Research and experience tell me that parents, government leaders and business want young people to become active and responsible citizens of the world and to obtain jobs where interaction with people in other countries and from other cultures is productive and economically rewarding.
In Australia, the Melbourne Declaration informs education policy. It states “Australian governments commit to working in collaboration with all school sectors to support all young Australians to become active and informed citizens who are responsible global and local citizens.”
The National Strategy for International Education has as two of its pillars, to increase partnerships and collaboration with local communities and global partners and to compete globally.
My question is…. “Do teachers have the skills and knowledge to teach this?

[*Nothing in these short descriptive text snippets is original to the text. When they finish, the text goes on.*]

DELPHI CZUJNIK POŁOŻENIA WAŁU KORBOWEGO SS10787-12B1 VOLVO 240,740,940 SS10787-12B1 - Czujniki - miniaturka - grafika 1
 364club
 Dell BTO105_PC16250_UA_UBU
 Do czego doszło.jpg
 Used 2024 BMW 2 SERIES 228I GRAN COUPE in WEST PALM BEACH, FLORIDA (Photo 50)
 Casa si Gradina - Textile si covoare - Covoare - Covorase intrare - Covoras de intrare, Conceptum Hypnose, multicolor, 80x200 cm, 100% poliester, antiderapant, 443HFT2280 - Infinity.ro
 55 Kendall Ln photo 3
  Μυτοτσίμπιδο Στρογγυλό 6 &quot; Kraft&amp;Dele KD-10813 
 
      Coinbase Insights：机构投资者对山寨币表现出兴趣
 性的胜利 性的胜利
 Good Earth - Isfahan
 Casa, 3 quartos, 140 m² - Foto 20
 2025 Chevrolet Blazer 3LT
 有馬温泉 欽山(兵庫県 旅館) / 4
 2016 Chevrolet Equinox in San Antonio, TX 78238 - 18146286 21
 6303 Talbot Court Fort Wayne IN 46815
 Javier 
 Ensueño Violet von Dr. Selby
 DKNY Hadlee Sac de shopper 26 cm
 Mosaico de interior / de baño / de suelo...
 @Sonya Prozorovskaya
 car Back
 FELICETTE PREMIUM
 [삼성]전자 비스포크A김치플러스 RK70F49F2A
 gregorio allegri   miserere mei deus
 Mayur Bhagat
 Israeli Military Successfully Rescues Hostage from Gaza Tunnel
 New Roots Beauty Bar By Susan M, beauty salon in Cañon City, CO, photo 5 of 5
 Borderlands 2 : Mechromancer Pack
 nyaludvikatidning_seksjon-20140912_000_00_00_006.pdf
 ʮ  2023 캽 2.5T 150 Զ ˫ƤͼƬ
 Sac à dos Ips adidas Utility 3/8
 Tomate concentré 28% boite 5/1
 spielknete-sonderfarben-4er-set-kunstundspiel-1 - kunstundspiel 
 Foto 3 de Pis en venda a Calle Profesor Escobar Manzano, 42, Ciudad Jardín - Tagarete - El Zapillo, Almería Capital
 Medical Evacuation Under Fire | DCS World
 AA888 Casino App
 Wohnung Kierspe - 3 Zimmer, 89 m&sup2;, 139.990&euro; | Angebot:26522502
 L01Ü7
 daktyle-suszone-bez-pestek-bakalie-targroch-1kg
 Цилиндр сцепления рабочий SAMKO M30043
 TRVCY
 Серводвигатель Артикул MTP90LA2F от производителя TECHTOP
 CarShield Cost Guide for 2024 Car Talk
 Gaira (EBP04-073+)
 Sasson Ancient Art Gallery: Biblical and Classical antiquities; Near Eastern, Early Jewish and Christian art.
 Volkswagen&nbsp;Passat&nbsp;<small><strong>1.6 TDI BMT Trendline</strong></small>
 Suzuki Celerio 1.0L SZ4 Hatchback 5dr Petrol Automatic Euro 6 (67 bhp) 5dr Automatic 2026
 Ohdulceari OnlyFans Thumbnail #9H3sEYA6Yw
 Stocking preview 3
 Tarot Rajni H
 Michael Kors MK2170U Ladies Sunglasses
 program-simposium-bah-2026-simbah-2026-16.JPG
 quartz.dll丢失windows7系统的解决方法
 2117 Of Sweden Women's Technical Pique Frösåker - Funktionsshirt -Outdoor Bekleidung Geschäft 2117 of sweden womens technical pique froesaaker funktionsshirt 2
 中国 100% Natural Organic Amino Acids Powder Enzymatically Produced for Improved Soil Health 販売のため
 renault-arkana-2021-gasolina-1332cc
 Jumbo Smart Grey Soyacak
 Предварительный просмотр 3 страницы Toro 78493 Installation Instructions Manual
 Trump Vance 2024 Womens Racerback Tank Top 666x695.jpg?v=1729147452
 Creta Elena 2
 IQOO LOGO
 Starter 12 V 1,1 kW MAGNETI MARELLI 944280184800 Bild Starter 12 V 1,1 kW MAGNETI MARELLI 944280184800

The national Australian Curriculum barely mentions anything to do with global citizenship/learning. It returns 11 entries across the whole curriculum with nothing specific until Yr 6 and then offers “The obligations citizens may consider they have beyond their own national borders as active and informed global citizens,” with a few elaborations to support this descriptor.
If we want our children to become global citizens, we need teachers who are global educators. They need the skills and knowledge to facilitate students to gain global competencies. This requires a specific and targeted overview of the curriculum and a change to pedagogy to include a platform of global concerns, issues to foster critical thinking, values of character, humanity and citizenship and actions that involve collaborative and creative problem solving.